Engineers, Politics, and Organizational Power

  • Broad agreement that line engineers don’t set company direction but still have meaningful influence through implementation choices.
  • Debate over what counts as “politics”: some say coordination, consensus‑building, and relationship‑building are politics; others reserve the word for credit‑stealing, backstabbing, and promotion games.
  • Several note that avoiding all politics greatly limits one’s impact; learning to play “just enough” politics is framed as necessary in large orgs.

C‑suite Motives, Corporations, and Capitalism

  • Strong disagreement with the claim that leaders primarily want to ship good software; many argue their true priority is shareholder value, power, and status, with quality only a weak secondary concern.
  • Some describe executives as overgrown children requiring flattery and theatrics; others push back that reducing them to pure villains is the very cynicism the article warns about.
  • The “late‑stage‑capitalist hellscape” framing is contested: some embrace it as accurate; others note we live in one of the most prosperous, peaceful eras.

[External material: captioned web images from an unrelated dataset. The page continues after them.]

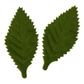 CUT OUT LEAVES GREEN 6pc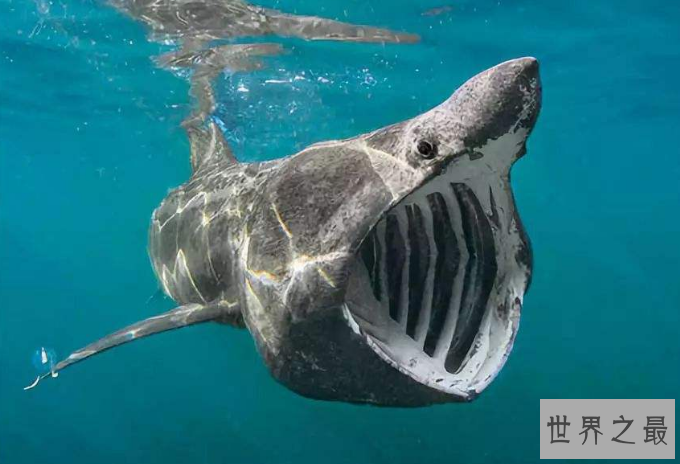 世界最大的鲨鱼排行榜 鲸鲨位列第一，体型重达21.5吨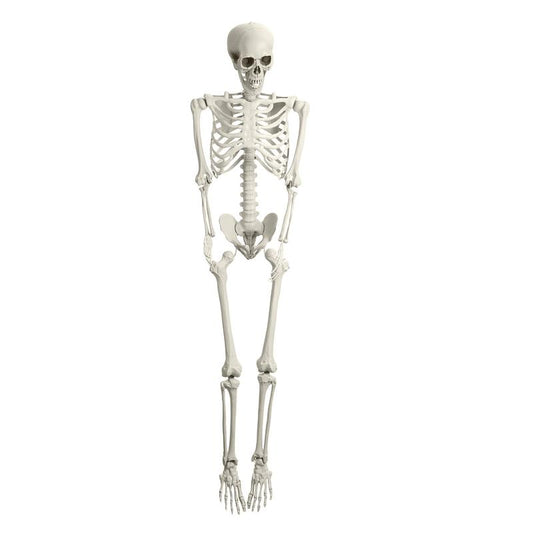 5.4FT Life Size Posable Halloween Skeleton Decor for ‍Outdoor,Decorative Figurines,Halloween Decoration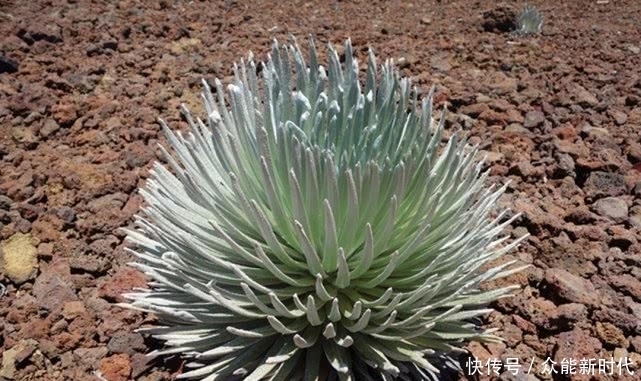 60年开一次花之后就会死亡,只生长在火山口周围,一颗不便宜吧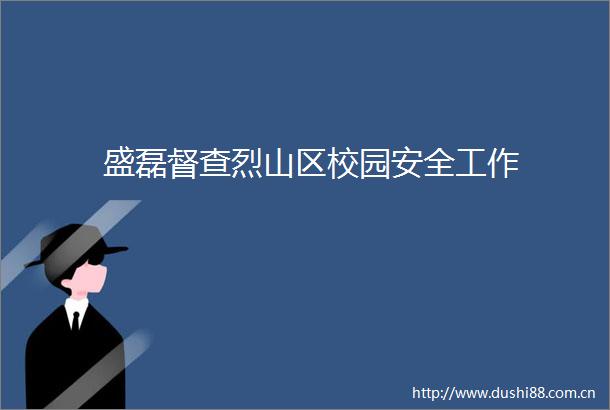 盛磊督查烈山区校园安全工作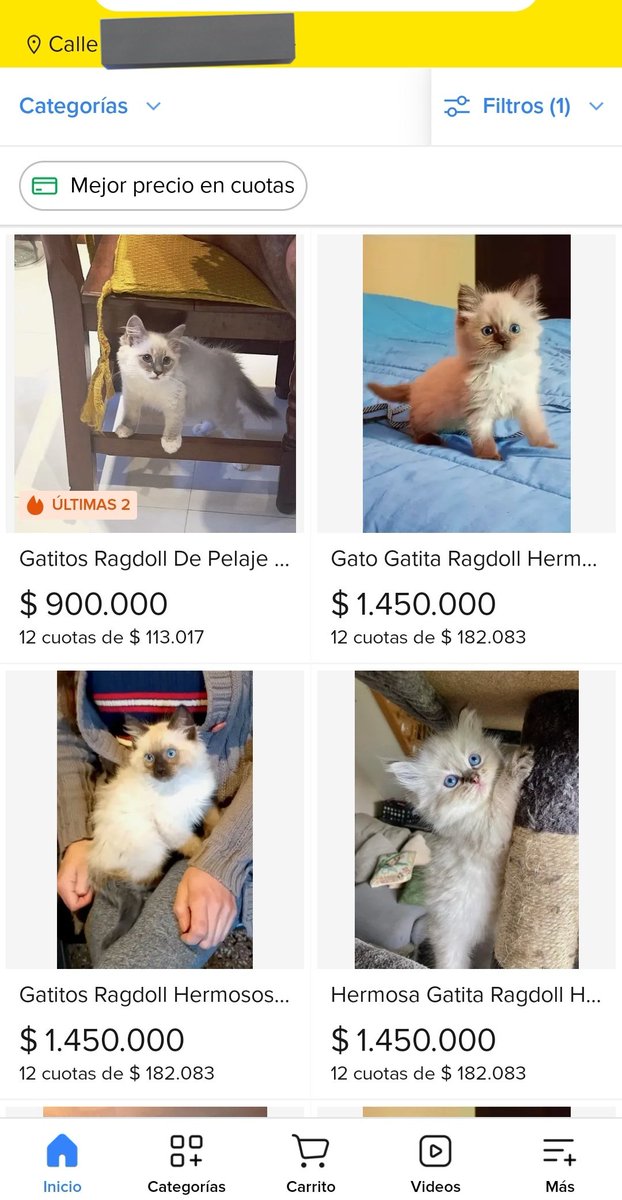 Si hay algo que nunca entendí como nadie pide que se elimine y prohiba la venta de animales en <a href="/Mercadolibre/">Mercado Libre</a> y otras aplicaciones de compra y venta. Todos sabemos como funcionan la mayoría de criaderos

Ethics of Working in Big Tech

  • Several criticize the piece as self‑justification from a highly paid big‑tech insider, especially given antitrust wage‑fixing, surveillance, and military or geopolitical entanglements.
  • Others defend staying inside large firms to do locally good work or “fight from the inside,” though some veterans say their internal influence changed very little.
  • Multiple commenters describe consciously taking much lower pay to work for organizations they see as morally better (or at least less bad) and report social pushback from peers.

Late‑Stage Tech and Structural Limits

  • Some frame all this as a normal pattern of technological maturation: once tech becomes routine, management, bureaucracy, and politics dominate.
  • Calls appear to break up oversized firms when simple product improvements require navigating heavy politics and “ass‑kissing” rather than straightforward engineering.